- **Brief**:
In the data below, find the line containing "Rota EG6 16x7 ET35 4x100 RLGunmetal" and the line containing "Cartolina lago maggiore", then reproduce them and every line between, exactly. Omit pictures.

- **Records to process**:
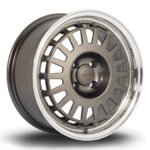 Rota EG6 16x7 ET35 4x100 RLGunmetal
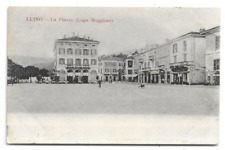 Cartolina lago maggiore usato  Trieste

...

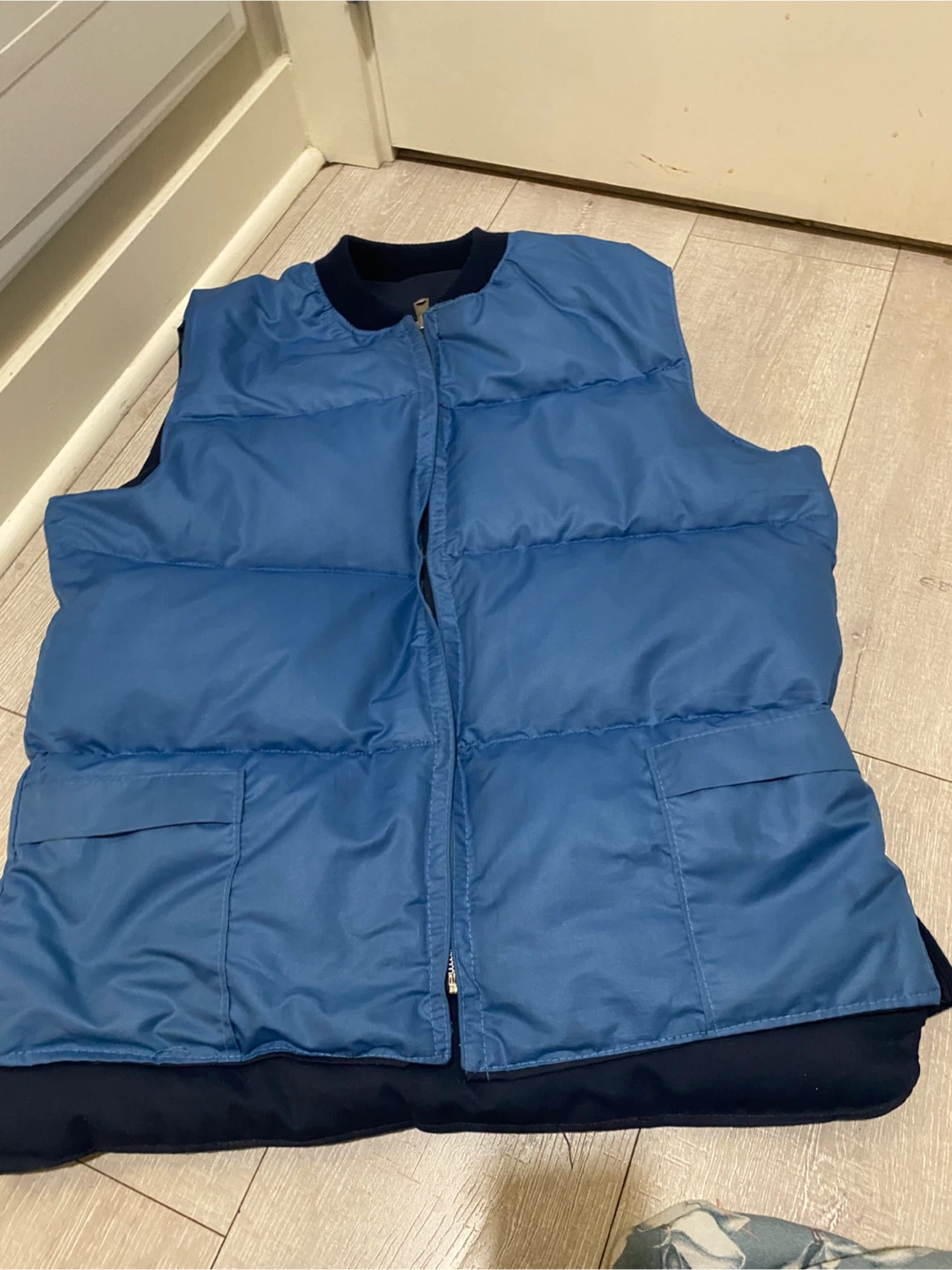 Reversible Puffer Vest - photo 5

---

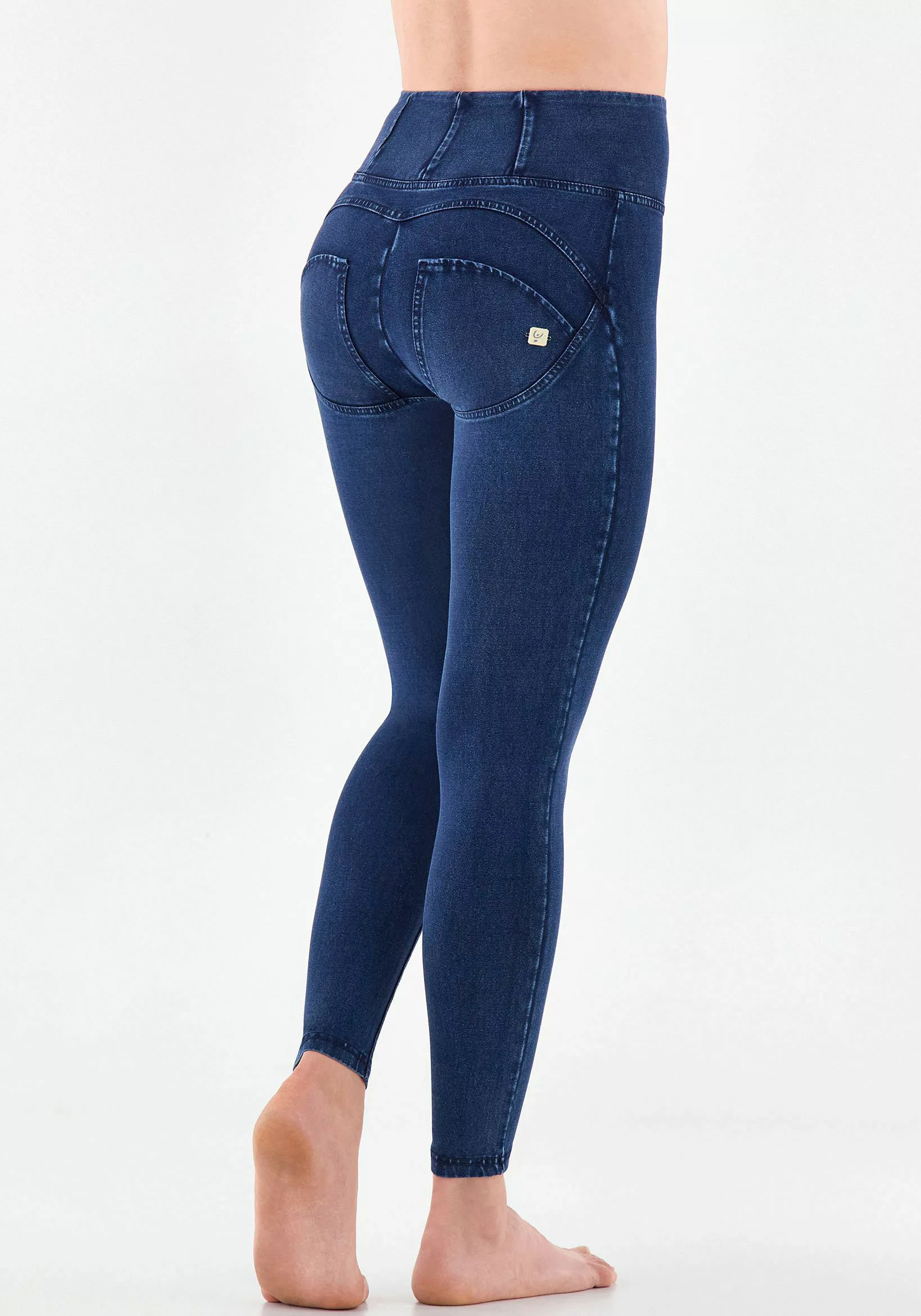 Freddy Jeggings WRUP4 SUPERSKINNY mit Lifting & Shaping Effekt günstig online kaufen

- **Expected output**:
 Rota EG6 16x7 ET35 4x100 RLGunmetal
 Cartolina lago maggiore usato  Trieste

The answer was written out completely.